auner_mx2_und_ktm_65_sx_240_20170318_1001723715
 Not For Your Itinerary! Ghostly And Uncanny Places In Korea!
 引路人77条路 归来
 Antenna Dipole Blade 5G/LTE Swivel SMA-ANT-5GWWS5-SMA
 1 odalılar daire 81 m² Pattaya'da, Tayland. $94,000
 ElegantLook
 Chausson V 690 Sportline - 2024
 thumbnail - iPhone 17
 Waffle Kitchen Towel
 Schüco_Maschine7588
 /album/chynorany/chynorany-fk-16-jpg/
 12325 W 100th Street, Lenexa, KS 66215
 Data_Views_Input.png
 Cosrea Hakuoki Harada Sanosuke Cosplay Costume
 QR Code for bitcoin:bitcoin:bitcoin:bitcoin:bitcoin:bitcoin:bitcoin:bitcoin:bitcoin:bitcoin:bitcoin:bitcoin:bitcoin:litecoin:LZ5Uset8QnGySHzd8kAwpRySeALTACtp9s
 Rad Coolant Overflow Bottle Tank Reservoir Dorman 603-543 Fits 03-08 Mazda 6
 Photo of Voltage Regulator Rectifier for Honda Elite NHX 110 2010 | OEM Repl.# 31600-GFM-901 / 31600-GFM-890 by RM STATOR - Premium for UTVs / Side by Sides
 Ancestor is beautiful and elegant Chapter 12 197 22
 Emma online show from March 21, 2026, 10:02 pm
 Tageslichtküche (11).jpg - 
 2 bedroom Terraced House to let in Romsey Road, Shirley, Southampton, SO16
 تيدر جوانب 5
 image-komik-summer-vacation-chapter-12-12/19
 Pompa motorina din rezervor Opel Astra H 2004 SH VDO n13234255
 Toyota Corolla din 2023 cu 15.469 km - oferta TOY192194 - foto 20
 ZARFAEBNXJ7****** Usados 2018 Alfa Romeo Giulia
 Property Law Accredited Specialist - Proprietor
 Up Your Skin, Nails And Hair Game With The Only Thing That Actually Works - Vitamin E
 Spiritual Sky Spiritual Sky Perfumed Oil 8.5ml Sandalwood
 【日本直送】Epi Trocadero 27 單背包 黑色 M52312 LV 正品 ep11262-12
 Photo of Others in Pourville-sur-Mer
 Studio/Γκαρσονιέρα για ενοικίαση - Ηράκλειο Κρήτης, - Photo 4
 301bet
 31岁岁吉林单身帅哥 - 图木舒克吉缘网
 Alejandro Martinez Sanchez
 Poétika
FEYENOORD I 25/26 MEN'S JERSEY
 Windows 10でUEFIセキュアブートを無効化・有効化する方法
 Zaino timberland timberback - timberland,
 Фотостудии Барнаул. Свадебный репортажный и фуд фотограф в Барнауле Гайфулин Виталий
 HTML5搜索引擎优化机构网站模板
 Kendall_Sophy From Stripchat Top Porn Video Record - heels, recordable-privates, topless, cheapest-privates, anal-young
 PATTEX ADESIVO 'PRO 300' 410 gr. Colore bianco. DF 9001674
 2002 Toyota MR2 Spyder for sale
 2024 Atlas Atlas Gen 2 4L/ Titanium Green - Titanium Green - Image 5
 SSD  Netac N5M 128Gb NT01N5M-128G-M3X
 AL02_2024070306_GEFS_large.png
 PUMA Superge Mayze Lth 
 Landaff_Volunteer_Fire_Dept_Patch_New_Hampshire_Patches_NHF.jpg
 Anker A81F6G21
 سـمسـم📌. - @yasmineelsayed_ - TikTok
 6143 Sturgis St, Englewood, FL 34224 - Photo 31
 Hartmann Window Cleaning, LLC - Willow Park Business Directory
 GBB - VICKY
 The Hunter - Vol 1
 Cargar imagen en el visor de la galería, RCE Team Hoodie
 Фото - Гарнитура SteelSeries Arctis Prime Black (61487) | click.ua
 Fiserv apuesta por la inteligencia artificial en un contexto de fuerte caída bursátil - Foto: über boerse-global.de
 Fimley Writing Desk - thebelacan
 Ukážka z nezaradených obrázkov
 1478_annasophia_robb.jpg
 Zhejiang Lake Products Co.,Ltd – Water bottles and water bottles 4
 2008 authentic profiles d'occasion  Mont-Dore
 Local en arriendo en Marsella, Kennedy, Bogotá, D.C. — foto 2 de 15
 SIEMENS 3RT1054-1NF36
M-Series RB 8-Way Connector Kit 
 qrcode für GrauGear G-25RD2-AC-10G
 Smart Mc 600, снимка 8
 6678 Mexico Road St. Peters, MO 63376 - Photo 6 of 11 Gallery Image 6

→ **Problem statement**
Give an exact copy of the lines above from the line with "AL02_2024070306_GEFS_large.png" up to and including the line with "The Hunter - Vol 1", and leave everything else out.

→ **Answer box**
 AL02_2024070306_GEFS_large.png
 PUMA Superge Mayze Lth 
 Landaff_Volunteer_Fire_Dept_Patch_New_Hampshire_Patches_NHF.jpg
 Anker A81F6G21
 سـمسـم📌. - @yasmineelsayed_ - TikTok
 6143 Sturgis St, Englewood, FL 34224 - Photo 31
 Hartmann Window Cleaning, LLC - Willow Park Business Directory
 GBB - VICKY
 The Hunter - Vol 1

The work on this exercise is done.